Proces tworzenia strefy euro zbiegł się ze zwycięstwem wyborczym w 1996 roku lidera Partido Popular Jose Marii Aznara. Choć minęło 20 lat od śmierci Franco, to nie tylko wielu Hiszpanów, lecz także przywódców Wspólnoty obawiało się, że prawica nie jest zaangażowana w idee demokracji. Dla Aznara nie było lepszego sposobu, aby rozwiązać te wątpliwości, niż przystąpienie do strefy euro.

– Dziś widać, że hiszpańska gospodarka nie była przygotowana na ten krok. Ale wówczas wyjątki czyniono dla wielu krajów, np. Belgia przystąpiła do strefy euro z długiem 130 proc. PKB, choć górny limit wynosił 60 proc. – przypomina Jakobsen. Rolę narkotyku, który napędzał hiszpański wzrost gospodarczy od wprowadzenia euro w 1999 roku, zaczęły pełnić tanie kredyty. Swój udział w boomie budowlanym, który zamiast produkcji i usług napędzał wzrost hiszpańskiej gospodarki, miał także Europejski Bank Centralny. Ponieważ Hiszpania wciąż była na dorobku, a jej wzrost gospodarczy był szybszy niż „jądra” strefy euro, także inflacja była tu większa. Jednak EBC ustalał stopy procentowe pod Niemcy, gdzie ceny rosły wolniej. W konsekwencji realna cena kredytów dla Hiszpanów była jeszcze niższa, niżby to uzasadniały ekonomiczne realia.

To doprowadziło do takiego napompowania rynku nieruchomości, że cena metra kwadratowego w mieszkaniu w bloku na obrzeżach Barcelony przekraczała 4 tys. euro wobec 1,5 tys. euro w porównywalnej nieruchomości w Warszawie. Aznar nie został rozliczony przez wyborców ze swojej polityki. Rok przed elekcją podjął decyzję o udziale Hiszpanii w interwencji w Iraku, co doprowadziło do głębokiego podziału ideologicznego hiszpańskiego społeczeństwa. Mimo to Partido Popular zapewne nie przegrałoby wyborów w 2004 roku, gdyby na trzy dni przed elekcją Al-Kaida nie przeprowadziła na madryckim dworcu Atocha najkrwawszego zamachu w powojennej historii kraju. To zapewniło niespodziewane zwycięstwo młodemu przywódcy PSOE Jose Luis Zapatero. I spowodowało, że w ciągu następnych ośmiu lat Hiszpania zamiast koncentrować się na przełamaniu słabości ekonomicznych, miała uwagę zwróconą w zupełnie innym kierunku.

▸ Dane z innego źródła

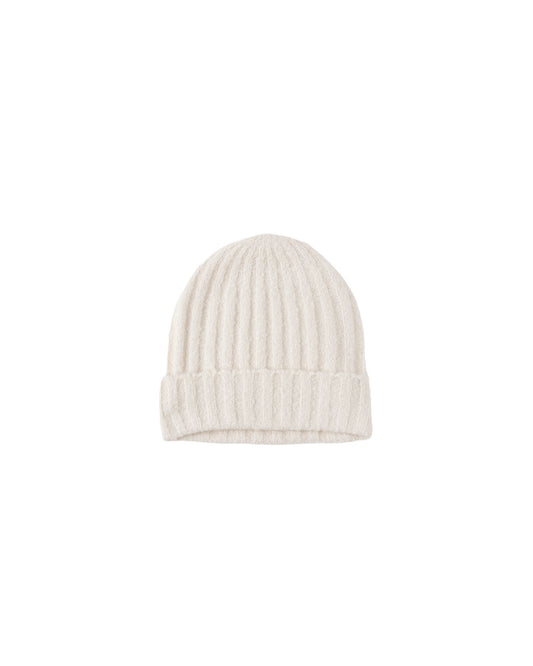 BEANIE || NATURAL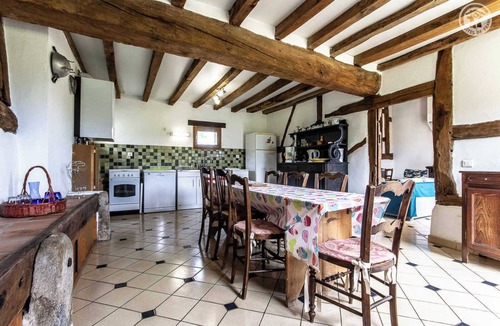 Vitry-sur-Loire House | Briffaux - VITRY SUR LOIRE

Kiedy kanclerz Gerhard Schroeder przeprowadzał radykalną reformę systemu zabezpieczeń socjalnych, który miał zmusić Niemców do pracy i uratować finanse publiczne państwa, Zapatero przeforsował legalizację aborcji i związków homoseksualnych. Wybuch kryzysu w 2009 roku wystarczył do wymuszenia zmiany tej polityki. W przeciwieństwie do Irlandii, gdzie nieruchomościowa bańka osiągnęła podobną skalę, Zapatero aż do przegranych wyborów w minionym roku utrzymywał, że banki i gospodarka są zdrowe.

Tym bardziej brutalne było przebudzenie: najwyższe bezrobocie w Europie, 3 mln pustych mieszkań, niespłacalne kredyty, których wartość szacuje się nawet na ćwierć biliona euro. Hiszpanie przez chwilę uwierzyli, że są integralną częścią zachodniej Europy. W 2007 roku Eurostat podawał, że poziom życia w królestwie przewyższa nawet o 5 proc. średnią rozwoju całej UE. Od tego czasu wskaźnik pikuje. Ale przede wszystkim coraz więcej poddanych Juana Carlosa zastanawia się, czy rzeczywiście było kiedyś tak dobrze, czy też było tak tylko na papierze.